@f-o-t/csv

v1.2.6

Published

25 days ago

RFC 4180 compliant CSV parser with streaming support for JavaScript/TypeScript.

0High
0Medium
0Low

yorizel

@f-o-t/csv

RFC 4180 compliant CSV parser with streaming support for JavaScript/TypeScript.

Features

RFC 4180 compliant parsing (handles quoted fields, multiline values, escaped quotes)
Streaming API for memory-efficient processing of large files
Automatic delimiter detection
Automatic encoding detection (UTF-8, UTF-16, Windows-1252, ISO-8859-1)
CSV generation with proper escaping
Security hardened - protected against prototype pollution and memory exhaustion attacks
Zod validation - runtime validation of all options with exported schemas
Full TypeScript support with Zod-inferred types
Works in Bun, Node.js, and browsers

Installation

bun add @f-o-t/csv
# or
npm install @f-o-t/csv

Quick Start

Parsing CSV

import { parseOrThrow, parse } from "@f-o-t/csv";

// Parse with error throwing
const doc = parseOrThrow(csvContent, {
  hasHeaders: true,
  trimFields: true,
});

console.log(doc.headers);    // ["name", "age", "city"]
console.log(doc.rows[0]);    // { rowIndex: 0, fields: ["John", "30", "NYC"], record: { name: "John", age: "30", city: "NYC" } }
console.log(doc.totalRows);  // number of data rows

// Safe parsing (returns Result type)
const result = parse(csvContent);
if (result.success) {
  console.log(result.data);
} else {
  console.error(result.error);
}

Streaming Parser

For large files, use the streaming API to process rows as they're parsed:

import { parseStream } from "@f-o-t/csv";

async function processLargeFile(content: string) {
  const chunks = async function* () {
    yield content;
  };

  for await (const event of parseStream(chunks(), { hasHeaders: true })) {
    switch (event.type) {
      case "headers":
        console.log("Headers:", event.data);
        break;
      case "row":
        console.log("Row:", event.data.rowIndex, event.data.fields);
        break;
      case "complete":
        console.log("Total rows:", event.rowCount);
        break;
    }
  }
}

Generating CSV

import { generate, generateFromObjects } from "@f-o-t/csv";

// From array of arrays
const csv = generate({
  headers: ["name", "age", "city"],
  rows: [
    ["John", "30", "NYC"],
    ["Jane", "25", "LA"],
  ],
});

// From array of objects
const csvFromObjects = generateFromObjects(
  [
    { name: "John", age: 30, city: "NYC" },
    { name: "Jane", age: 25, city: "LA" },
  ],
  { delimiter: "," }
);

API Reference

Parsing Functions

`parse(content, options?)`

Parses CSV content, returning a ParseResult<CSVDocument>.
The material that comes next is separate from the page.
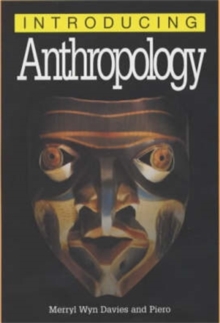 Image for Introducing Anthropology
`parseOrThrow(content, options?)`

Parses CSV content, throwing on error.

`parseBuffer(buffer, options?)`

Parses a binary buffer with automatic encoding detection.
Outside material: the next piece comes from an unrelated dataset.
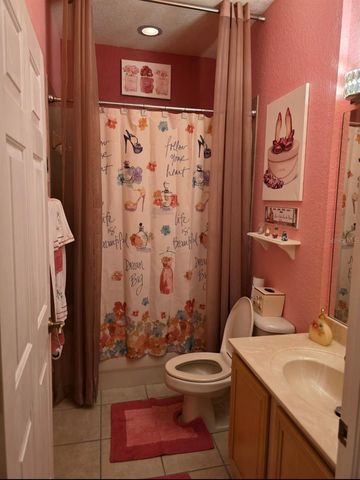 12435 ADVENTURE DRIVE, Riverview, FL 33579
`parseBufferOrThrow(buffer, options?)`

Parses a binary buffer, throwing on error.

`parseToArray(content, options?)`

Parses and returns just the data as a 2D array.

Streaming Functions

`parseStream(chunks, options?)`

Returns an async generator yielding StreamEvent objects.

`parseBufferStream(buffer, options?)`

Streams parsing from a binary buffer.

`parseStreamToArray(chunks, options?)`

Streams parsing and collects all rows into an array.

Batch Streaming Functions

For processing multiple CSV files in a single operation with progress tracking.

`parseBatchStream(files, options?)`

Parses multiple CSV files sequentially, yielding events as they are parsed. Ideal for importing multiple spreadsheets at once.

import { parseBatchStream, type BatchCsvFileInput } from "@f-o-t/csv";
import { readFileSync } from "node:fs";

const files: BatchCsvFileInput[] = [
  { filename: "january.csv", content: readFileSync("january.csv", "utf-8") },
  { filename: "february.csv", content: readFileSync("february.csv", "utf-8") },
  { filename: "march.csv", content: readFileSync("march.csv", "utf-8") },
];

for await (const event of parseBatchStream(files, { hasHeaders: true })) {
  switch (event.type) {
    case "file_start":
      console.log(`Processing: ${event.filename}`);
      break;
    case "headers":
      console.log(`File ${event.fileIndex} headers:`, event.data);
      break;
    case "row":
      console.log(`File ${event.fileIndex}, Row ${event.data.rowIndex}:`, event.data.fields);
      break;
    case "file_complete":
      console.log(`Completed ${event.filename}: ${event.rowCount} rows`);
      break;
    case "file_error":
      console.error(`Error in ${event.filename}: ${event.error}`);
      break;
    case "batch_complete":
      console.log(`Batch done: ${event.totalRows} rows from ${event.totalFiles} files`);
      break;
  }
}

`parseBatchStreamToArray(files, options?)`

Collects all batch results into an array for easier processing.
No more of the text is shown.